Knitted and extruded netting is a packaging material of choice for industries including meat and poultry, aquaculture, horticulture, Christmas tree, PVC pipe, environmental, aviation, fruit and produce, toys, housewares, and the like. Knitted netting can be soft, flexible, and conformable to a variety of irregularly shaped products. Knitted netting provides air circulation, and can be decorative and protective. Tipper Tie Inc., a Dover Industries company, makes and sells desirable netting under the trademark Net-All. In meat netting, Net-All netting is used for hams, whole birds, poultry breasts, and molded meat products.

Netting is applied to products manually, semi-automatically, and fully automatically by a variety of machines and methods including the Tipper Tie Whole Bird Packaging System, the Tipper Tie Automatic Whole Bird Packaging System, Tipper Tie Model TB15, and the Tipper Tie Clipper Model Z3214. Another Tipper Tie apparatus for applying netting is shown in U.S. Pat. No. 5,042,234, issued on Aug. 27, 1991, to Alfred J. Evans et al. for a Collagen Film and Netting Packaging System and Method. A loop forming mechanism for flexible packaging material is also shown in U.S. Pat. No. 5,165,216, issued on Nov. 24, 1992 to Dennis J. May et al., for a Loop Forming Mechanism for Flexible Packaging Material. As stated in the identified Evans et al. patent, netting is sometimes placed around products to be netted when the products exits chutes or tubes around which the netting is rucked.

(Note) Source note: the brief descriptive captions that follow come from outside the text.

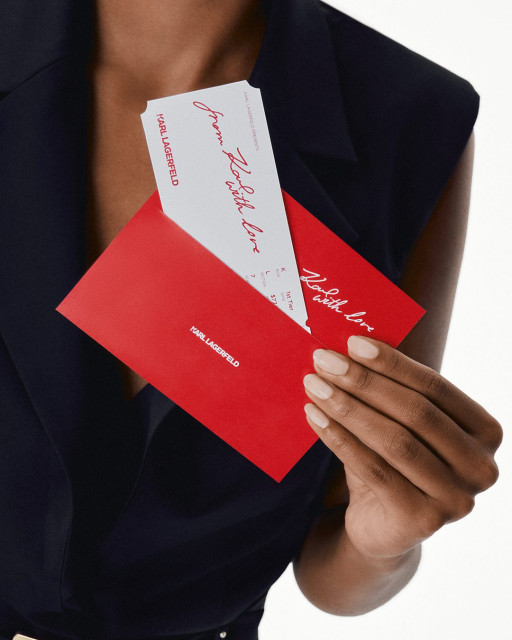 Karl Lagerfeld instagram post 498322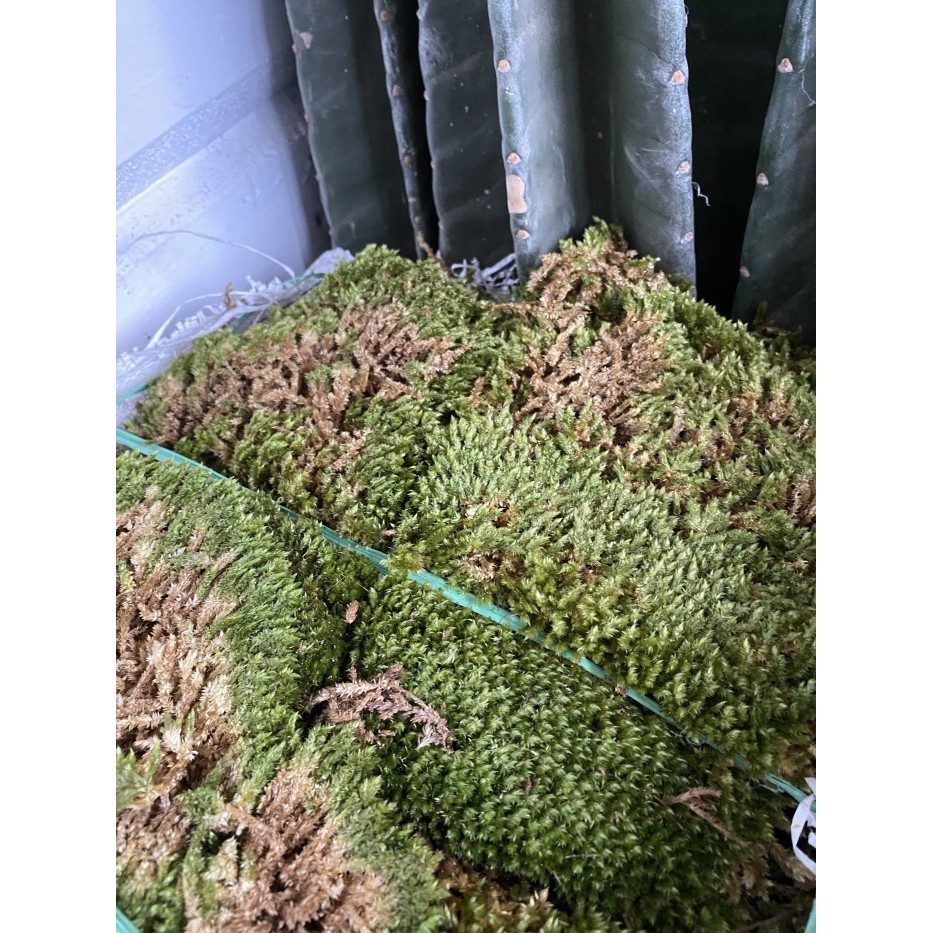 LUMUT HIDUP (living moss) 1kg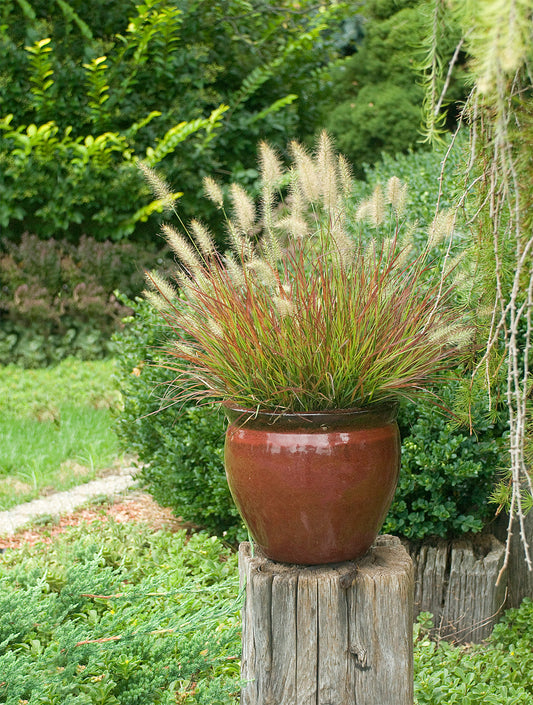 Burgundy Bunny | Fountain Grass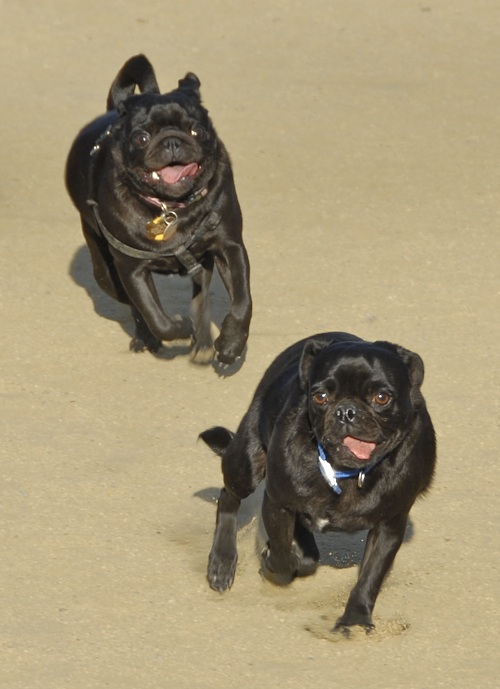 Mountain View Dog Park May 20, 2007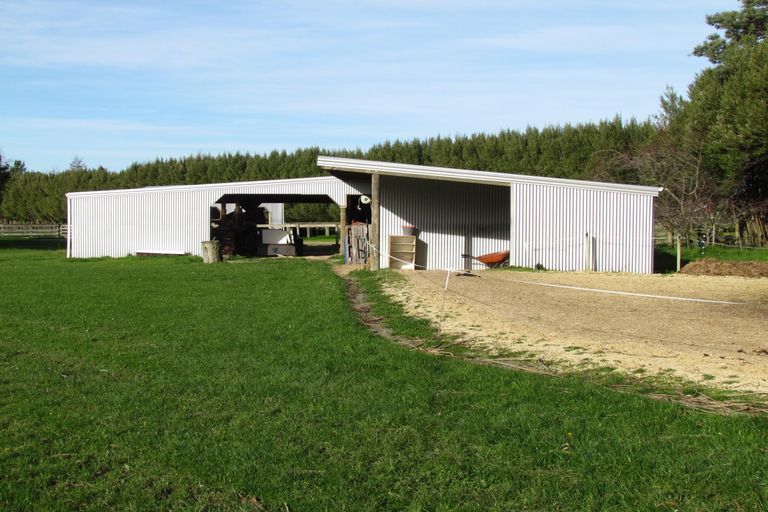 Photo of property in 221 Upper Manaia Road, Upper Plain, Masterton, 5888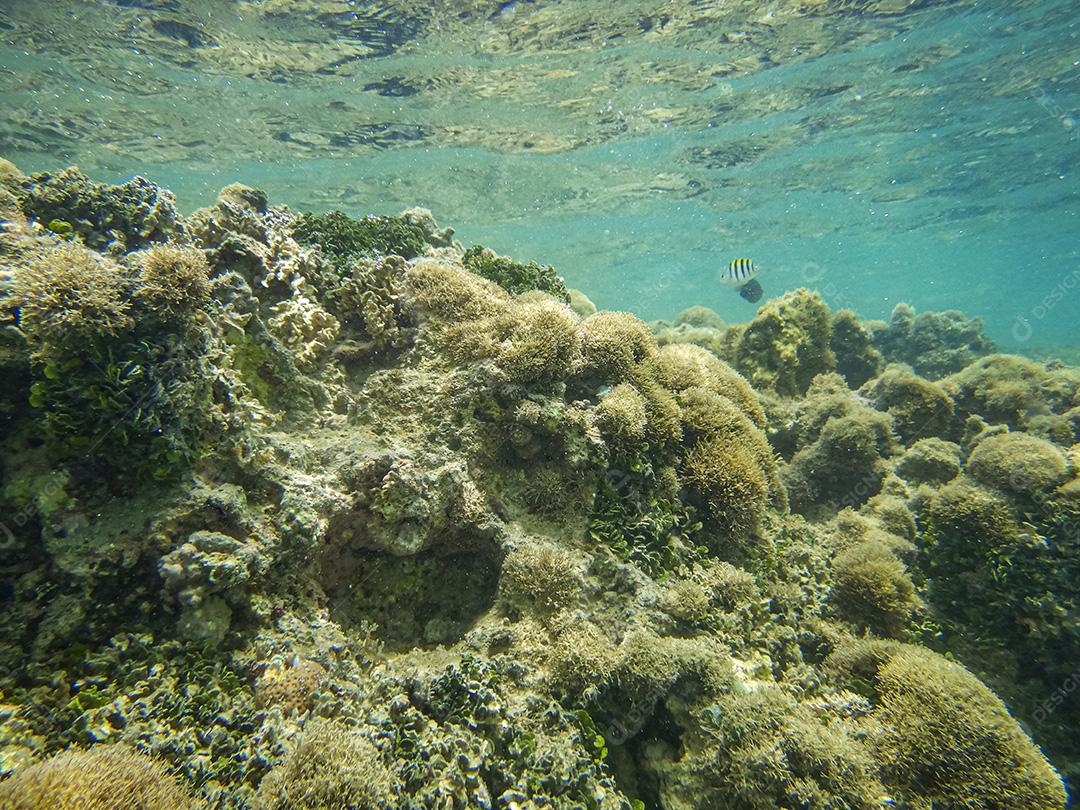 Coral Reefs In Natural Pools On Northeast Beaches Imagem JPG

Machines known as clippers may place metal clips on the netting between the products, to close the netting and provide for separation of the products. Clippers are best known in the formation of chubs for sausage and similar meat products. In chub-forming applications and also in netted product applications, voiders form emptied, rope sections in the packaging material in use. Clips travel along feed rails to the clippers. Punches of the clippers then act against dies to clip the rope sections, to form the ends of the chubs or other products. A sophisticated, high speed chub-forming machine is shown in U.S. Pat. No. 5,259,168 issued on Nov. 9, 1993 to Alfred J. Evans et al. for a Continuously Rotating Platform with Multiple Mounted Double Clippers for Continuously Forming Linked Product. In that machine, pairs of clippers are fed from single clip rails, as in the drawing on the face of the patent. As explained at columns 15 and 16 of that patent, the structure of the clip feeding mechanism of that machine requires that clips be suspended above open spaces by forces against the sides, to properly locate the clips to be driven by the clipper punches.

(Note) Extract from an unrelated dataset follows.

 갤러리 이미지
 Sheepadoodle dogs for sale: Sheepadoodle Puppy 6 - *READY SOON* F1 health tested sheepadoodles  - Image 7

While the existing products, machines and methods of the “netting art” and the separate “clipping art” have great value, especially those from Tipper Tie Inc., the frontier of technology is ahead of them, to be advanced further by inventive efforts.

SUMMARY OF THE INVENTION

In a first principal aspect, this invention constitutes a product netting machine. The machine comprises, in major part, a chute, a product receiver, voiders, and a clipper. The chute receives products serially through a receiving end, as from a conveyor, and discharges them serially into netting preferably rucked on the chute. As each product arrives at the product receiver, voiders operate to form a rope section of the netting behind the product, at the chute's discharge end. The clipper also clips the netting, to complete the netting of the product, and clips to create the starting end of the next netted product. The clipper includes at least two die supports, at least two punches mounted for movement on the die supports, at least two anvils, a drive or drives to intermittently drive the punches to the anvils, sidewardly adjacent clip rails, and clip pushers to feed clips from the rails to between the punches and the anvils. Successively netted and clipped products are formed by the product netting machine, and as a step of the netting and clipping, clips pass from the adjacent clip rails to between both the punches and both the anvils.

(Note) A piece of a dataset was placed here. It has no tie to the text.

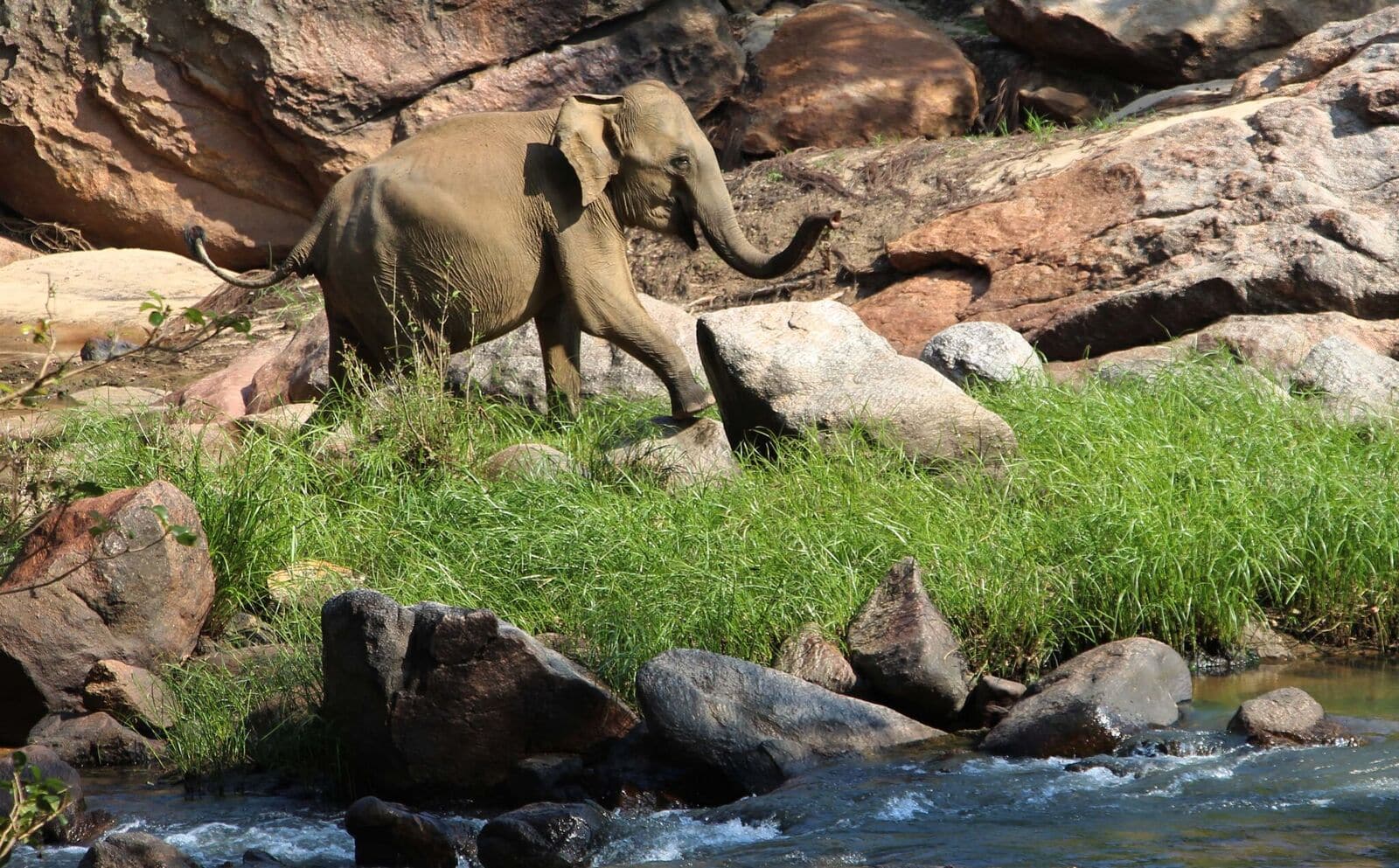 Gal Oya National Park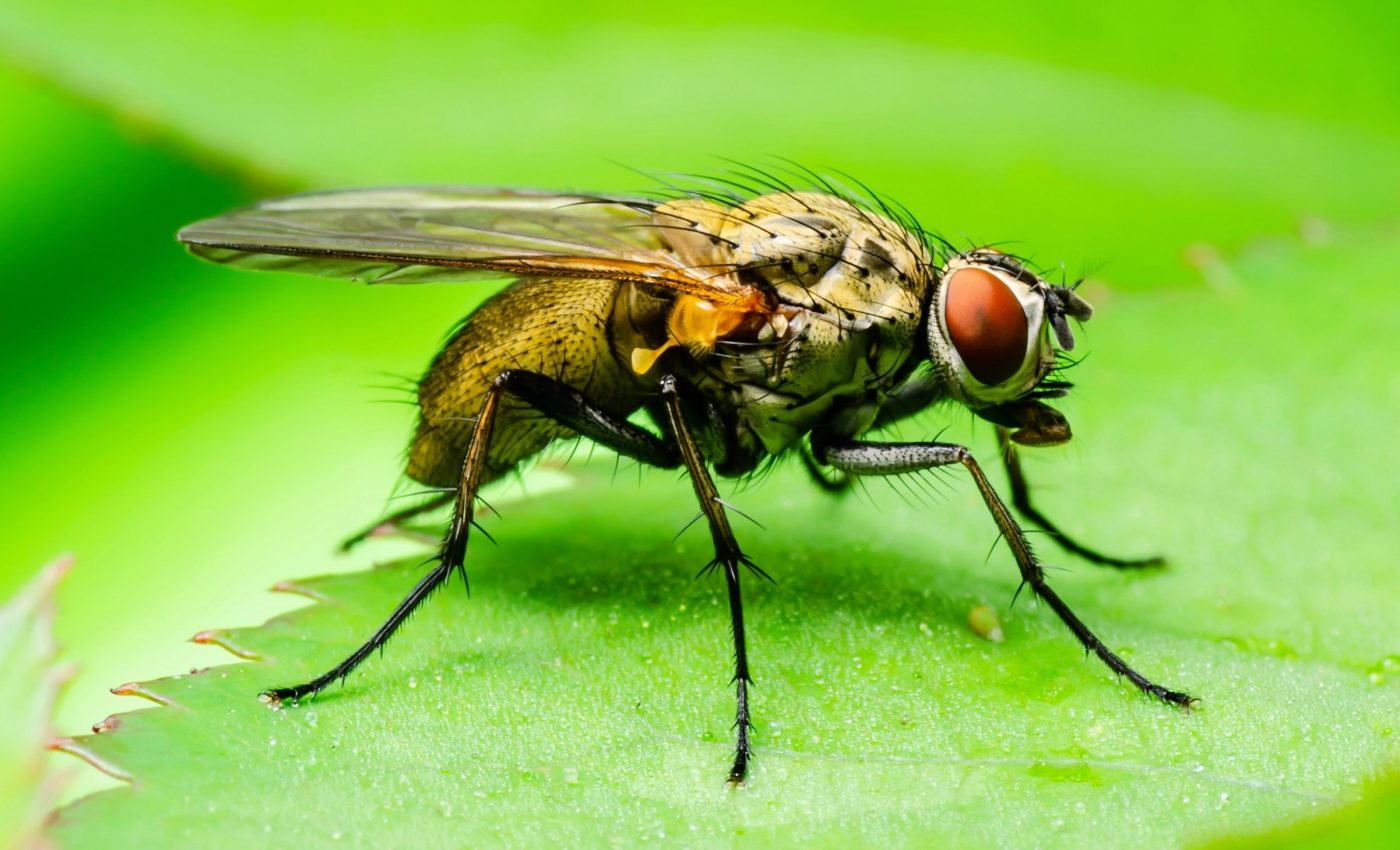 Alcohol makes fruit flies look sexy and boosts mating success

In another principal aspect, the invention constitutes a clipper for a product packaging machine, of the netting type, chub forming type and other types. The clipper comprises at least two die supports, at least two punches, at least two anvils, a drive, sidewardly adjacent clip rails, and clip pushers. The punches are mounted for movement on the die supports. The drive intermittently drives the punches to the anvils. The clip pushers feed clips from the rails to between the punches and the anvils. With a clipper as described, successively netted and clipped products are formed by the product packaging machine. As a step of the netting and clipping, clips pass from the adjacent clip rails to between both the punches and both the anvils.

As preferred, in the invented clipper, one feed rail extends across at least one of the die supports. As a step of the netting and clipping, clips pass from one side to another side of the die support along the feed rail that extends across the one of the die supports.

Also as preferred, the clipper moves in a central plane with outer sides generally parallel to the plane, and one clipper outer side is free of any outwardly extending clip rail. The clipper-free clipper outer side permits enhanced placement of clips. As well, one feed rail extends across and through at least one of the die supports. Clips pass from one side to another side of the die support.

More specifically, the clip-forming dies of the unit accommodate this angling of the clip feed rails relative to each other. The perpendicular rail has an angled die. The angled rail has a perpendicular die. More, one clip feed rail, designated a first feed rail, extends adjacent its respective die support, designated a first die support, perpendicular to the major plane of the respective die and one clip feed rail. The second feed rail extends adjacent its respective other die support, i.e., a second die support, at an angle to the perpendicular to the major plane of the respective other die. The first die support has a first clip-forming die and the second die support has a second clip-forming die. The first clip-forming die is angled to the major plane of the respective die. The second clip-forming die is perpendicular to the major plane of the respective other die.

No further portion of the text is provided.